Seat 2 - John Clesse. My favorite Python is going to be good and cranky from being way too tall to be in my room, and probably is too old to stay awake, but I'm going to need someone with that accent and spark. Putting him next to Louis more or less ensures the entertaining misery of both men, and allows for me to watch Louis get tongue-tied, even more than me.
Seat 3 - Prince. I'd like one person at the table that I'm taller than, and as he's a notorious tightwad and prone to stiffing people, I'm thinking that he's going to be something of a nit. Plus, you get the fun of having some of his music on the sound system in the room, and skipping past tracks dismissively. If he comes in those assless chaps from the "Gett Off" video, I'd call that an aggressive play. Especially at his age.
Seat 4 -- Tom Waits. I'm expecting the legendary avant-garde singer-songwriter to preface every bet with some unforgettable nonsense, spend the breaks smoking a cigarette under a burning umbrella, and to bring the best snacks. Also, lots and lots of bourbon. Plus, if he busts early, my wife can give him a ride down to the rail yard, or some bar or diner that arises out of the mist. In any event, he's wrecking Prince.
Seat 5 - I'm sitting here. Right in the middle of everything, so if I bust, I'm dealing.
Seat 6 - Elizabeth Warren. The senator from Massachusetts gives me a person that I actually know at the table, and helps to balance out the testosterone. As an ex-bankruptcy professor and grandmother, I expect her to play tight: as Elizabeth Warren, I expect her to give no quarter, know the math better than anyone else at the table, and keep raising the bid blind. That'll be fun when you see who I'm putting two to her left.
Seat 7 - Fiona Apple. I need a true wildcard in my big blind for trapping purposes, as well as someone who will make Warren slow down and feel parental. Plus, this means my eldest stays to watch every hand, and has incredible issues of who she roots for, if and when I get into hands with her. By including her, I'm also giving myself the chance of getting into one of her songs. And if she gets to heads-up with Waits, I think we'll be able to put recreations of the showdown off-Broadway.
Seat 8 - Barack Obama. We know he plays. It'd be fascinating to see how much he bluffs, and whether he shows afterward. I'm hoping that he'd open up with all of the genuinely funny people at the table. And including him here is my absolute, solid gold, trolling for trolling moment to produce nasty comments to this post. Plus, we get the benefit of Secret Service protection for the game, and to make whip noises when Michelle calls to ask him when he'll be home.
Seat 9 - Wener Herzog. Do we have a clip? Yes, we have a clip. (Plus it looks like he plays!)

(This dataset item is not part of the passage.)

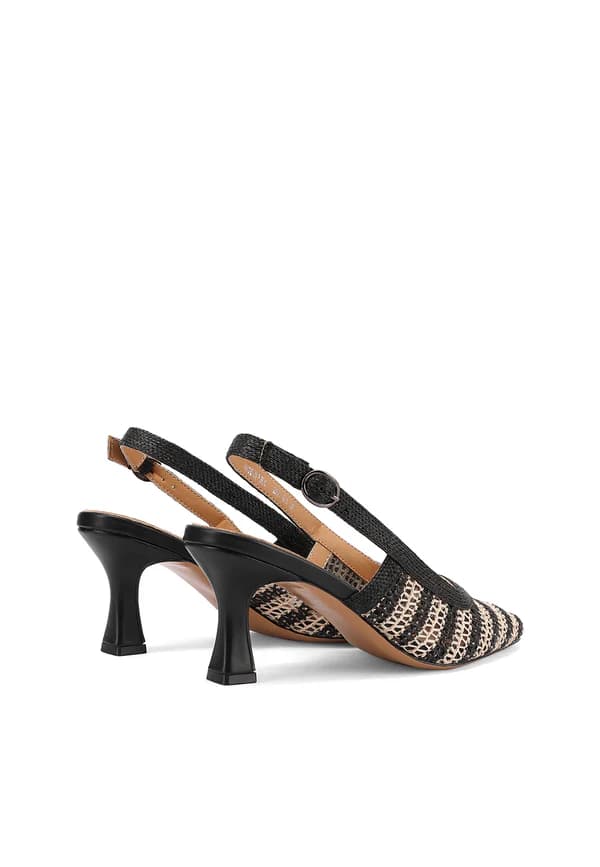 QUENN HELENA DECOLLETE INTRECCIATO ART.ZM11013 NERO - 4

In case you don't know who Werner is, oh dear God, please learn. He's my favorite difficult film director ever, an absolute genius, a man with the ability to laugh at himself, and... well, crap, he's Werner Herzog. It's his world, and the rest of us are just paying rent. Plus, we've got that British-German thing going on with Cleese; count on at least three heads-up confrontations between those two that will end life as I know it, and he's going to re-raise Obama with gleeful spite. I have to have the German at my table.
Anyway, that's my nine. Who's at yours?
Secondary table: Chrissie Hynde, Billy Beane, Bob Odenkirk, Charles Barkley, (me), Stephen Colbert, Samuel L Jackson, Felicia Day, Jack White
1 comment:
Quick and dirty Dead People Table: Thomas Edison, Nicola Tesla, Louise Brooks, Dorothy Parker, Jimi Hendrix, Richard Pryor, Fidel Castro and Wilt Chamberlain. As you were.